Au milieu de la Praça da República, devant l'hôtel de ville, se dresse une colonne carrée en calcaire, avec quatre épées de bronze le long des côtés et une flamme taillée dans la pierre au sommet. C'est le monument de Tavira aux morts de la Première Guerre mondiale, d'abord aux hommes du 3e bataillon du Regimento de Infantaria n.º 4, recrutés en Algarve, formés à Tavira et tués dans les Flandres. La ville a payé elle-même. L'argent venait de trois années de fêtes de la ville, le président Carmona a scellé la première pierre en février 1932, et l'inauguration a eu lieu le 9 avril 1933, jour anniversaire de la bataille de La Lys. Pas de statue, pas de soldat. C'était un choix, et c'est toujours ce qui vaut à la colonne qu'on s'y arrête.
C'est à la caserne d'Atalaia que le 3e bataillon du Regimento de Infantaria n.º 4 a été formé avant d'être envoyé dans les Flandres. 51 hommes ne sont pas rentrés, 48 sont tombés dans les Flandres et 3 au Mozambique. Leurs noms ont été gravés sur une plaque commémorative dans le hall de la caserne, dévoilée le 10 juin 1920. Mais une plaque derrière une porte de caserne, la ville ne la voit pas. À la fin des années 1920 grandit le souhait d'un monument qui honore les morts "condignamente", comme l'écrit l'historien de la ville Anica.

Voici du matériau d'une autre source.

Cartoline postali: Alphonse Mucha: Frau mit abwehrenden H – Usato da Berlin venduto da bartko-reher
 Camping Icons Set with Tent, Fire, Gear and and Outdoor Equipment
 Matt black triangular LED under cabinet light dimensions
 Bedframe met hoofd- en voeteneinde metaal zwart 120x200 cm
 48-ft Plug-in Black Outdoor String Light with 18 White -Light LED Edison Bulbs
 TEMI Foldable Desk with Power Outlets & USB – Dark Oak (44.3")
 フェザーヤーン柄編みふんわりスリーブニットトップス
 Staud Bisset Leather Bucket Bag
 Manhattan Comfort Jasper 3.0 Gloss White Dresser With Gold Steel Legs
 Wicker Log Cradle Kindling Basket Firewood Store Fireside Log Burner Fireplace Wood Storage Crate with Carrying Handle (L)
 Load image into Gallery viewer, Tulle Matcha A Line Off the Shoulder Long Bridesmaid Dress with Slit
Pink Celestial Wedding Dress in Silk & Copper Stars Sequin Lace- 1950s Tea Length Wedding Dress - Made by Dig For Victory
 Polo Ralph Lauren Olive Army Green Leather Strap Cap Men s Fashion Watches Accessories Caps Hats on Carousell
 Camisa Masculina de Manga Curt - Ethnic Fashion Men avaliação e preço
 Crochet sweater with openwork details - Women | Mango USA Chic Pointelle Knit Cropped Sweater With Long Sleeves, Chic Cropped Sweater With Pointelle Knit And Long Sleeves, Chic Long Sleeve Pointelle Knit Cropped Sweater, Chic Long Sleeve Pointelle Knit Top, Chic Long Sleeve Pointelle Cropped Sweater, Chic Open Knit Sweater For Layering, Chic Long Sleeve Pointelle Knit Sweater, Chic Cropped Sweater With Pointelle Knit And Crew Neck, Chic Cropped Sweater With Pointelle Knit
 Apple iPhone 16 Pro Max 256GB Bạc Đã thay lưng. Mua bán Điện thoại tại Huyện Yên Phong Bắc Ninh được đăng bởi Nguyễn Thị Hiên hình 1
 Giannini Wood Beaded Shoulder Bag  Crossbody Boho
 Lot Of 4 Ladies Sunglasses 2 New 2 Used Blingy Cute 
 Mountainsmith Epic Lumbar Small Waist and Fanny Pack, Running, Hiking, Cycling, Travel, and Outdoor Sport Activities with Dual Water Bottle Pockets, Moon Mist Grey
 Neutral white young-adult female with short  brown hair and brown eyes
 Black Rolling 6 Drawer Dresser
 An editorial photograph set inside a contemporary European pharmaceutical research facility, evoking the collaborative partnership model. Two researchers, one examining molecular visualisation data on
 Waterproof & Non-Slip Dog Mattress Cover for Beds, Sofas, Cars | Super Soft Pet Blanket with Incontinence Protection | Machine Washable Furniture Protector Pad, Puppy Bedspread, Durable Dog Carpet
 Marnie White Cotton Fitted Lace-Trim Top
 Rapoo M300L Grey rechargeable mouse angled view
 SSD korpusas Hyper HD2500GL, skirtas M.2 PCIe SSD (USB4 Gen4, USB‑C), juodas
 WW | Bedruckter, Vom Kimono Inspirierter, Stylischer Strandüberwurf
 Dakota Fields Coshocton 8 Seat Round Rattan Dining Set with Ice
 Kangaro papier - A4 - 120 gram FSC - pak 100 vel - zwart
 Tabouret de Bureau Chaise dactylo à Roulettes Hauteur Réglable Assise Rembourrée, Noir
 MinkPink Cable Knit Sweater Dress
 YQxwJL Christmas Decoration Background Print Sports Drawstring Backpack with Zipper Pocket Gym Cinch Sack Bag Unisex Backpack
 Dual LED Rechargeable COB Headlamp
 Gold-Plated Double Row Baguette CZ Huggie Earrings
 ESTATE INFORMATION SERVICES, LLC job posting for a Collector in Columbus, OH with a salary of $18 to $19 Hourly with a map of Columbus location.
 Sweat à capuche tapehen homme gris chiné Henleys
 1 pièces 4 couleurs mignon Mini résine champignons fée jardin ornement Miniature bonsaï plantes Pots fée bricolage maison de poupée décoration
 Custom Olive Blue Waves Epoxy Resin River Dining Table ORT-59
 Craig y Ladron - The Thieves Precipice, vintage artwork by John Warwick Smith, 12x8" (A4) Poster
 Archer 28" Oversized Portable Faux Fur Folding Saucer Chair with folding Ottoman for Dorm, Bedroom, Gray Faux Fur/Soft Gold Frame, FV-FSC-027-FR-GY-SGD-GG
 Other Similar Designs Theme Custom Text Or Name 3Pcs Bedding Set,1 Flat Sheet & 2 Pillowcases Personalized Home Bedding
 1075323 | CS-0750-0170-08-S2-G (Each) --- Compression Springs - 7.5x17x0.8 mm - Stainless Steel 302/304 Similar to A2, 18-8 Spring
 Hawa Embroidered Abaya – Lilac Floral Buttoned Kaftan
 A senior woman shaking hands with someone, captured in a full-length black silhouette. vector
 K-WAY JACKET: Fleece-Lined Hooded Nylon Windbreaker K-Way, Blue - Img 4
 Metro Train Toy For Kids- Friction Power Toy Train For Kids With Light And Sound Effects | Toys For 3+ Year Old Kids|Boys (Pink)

La commune n'avait pas l'argent. Alors la ville a fait la fête à la place. Les Festas da Cidade ont eu lieu trois étés de suite, de 1930 à 1932, et le bénéfice est allé au monument ; la Comissão Administrativa de la commune, sous João Parreira, a promis de couvrir le reste. Le dessin a été confié au Tavirais Alberto Ponce de Castro, que les sources appellent tour à tour lieutenant, architecte et ingénieur. Qui il était par ailleurs, personne ne le sait vraiment.
Le 16 février 1932, le président Óscar Carmona est venu à Tavira, et les journaux étaient du voyage. La ville était pavoisée, des tapis pendaient aux fenêtres, et on jetait des fleurs sur le cortège. L'acte de la première pierre a été enfermé dans la pierre avec une collection des monnaies de l'époque, et Carmona a scellé lui-même. Ensuite il a décoré le tailleur de pierre José Maria Bento, 70 ans, et le marin Francisco Laranjo, 75 ans. Tous deux pleuraient, a écrit le journal, tandis que deux hydravions venus de Faro survolaient la place.
Le ministre de la Guerre Daniel Rodrigues de Sousa a inauguré la colonne le 9 avril 1933. Sur un socle de trois degrés s'élève un fût carré en calcaire qui, en haut, devient un faisceau de cylindres, des canons de fusil liés par deux rubans, et tout en haut une flamme de pierre. Quatre épées de bronze se dressent à la verticale dans des rainures sur les côtés, les poignées reliées par des guirlandes de bronze de feuilles et de fruits. Sur le socle, les armes de Tavira et les armes nationales, et dessous, en bronze : AOS MORTOS DA GRANDE GUERRA A CIDADE DE TAVIRA. Selon l'historienne de l'art Laranjo, c'est l'un des trois seuls monuments de l'époque de Salazar en Algarve sans statue ni buste.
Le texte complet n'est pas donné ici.